# R31 Drift build (help)



## Proudy (Feb 27, 2013)

So i am interested in building a track only drift car, my neighbor has offered his R31 (think its executive) for $500, its got a RB30E and is an auto.

I will explain my plans and would love for you to post your opinions/suggestions 



The diff i will buy a mini spool for (to lock the diff).

I will convert it to a manual but unsure of what model gearbox.

Originally i was going to spend the $$ to throw a RB25DET into it but i have heard about the RB25/30DET builds (rb25det header with rb30e bottom end) and i think i might have a go at it, wondering what turbo, pistons, etc. i will need and what ecu i will need to run it, or chip, etc. and would it be suitable to bore out the bottom end (just reminding everyone i am a complete newbie with all of this).

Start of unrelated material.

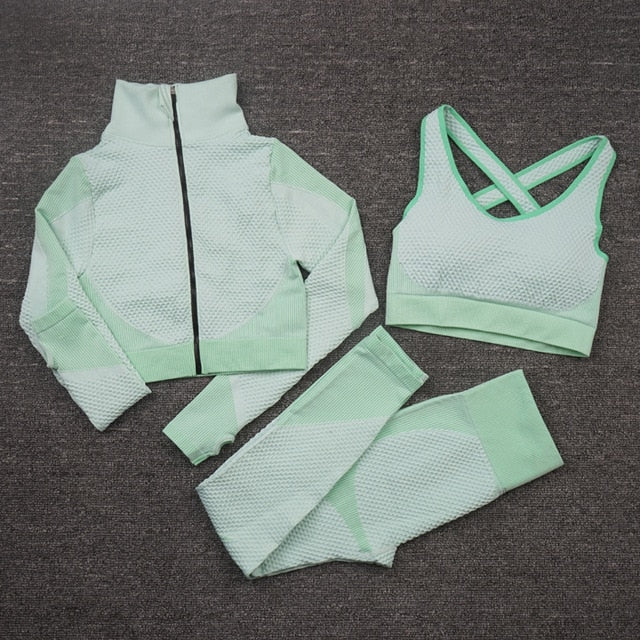 Seamless Yoga Set Fitness Clothing - 2/3PCS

I was looking at some coil overs and another newbie question while I'm at it is can you adjust the camber with all coil overs or just some? (I'm thinking of buying s13 type of coil overs and modifying the body to fit).

most drift pig cars i see seem to have spacers between the hubs and rims (just a guess because of how far the wheels stick out) and thinking this would be a great idea because it seems like it would make the car less likely to want to flip (not quite sure how to put it).

This car will be used for drift only purposes and by no means at all do i care about the looks 

That's all i can think of in a nutshell
Thanks in advance for every ones input !


----------



## spinnanz (Mar 29, 2011)

your in oz or nz?


----------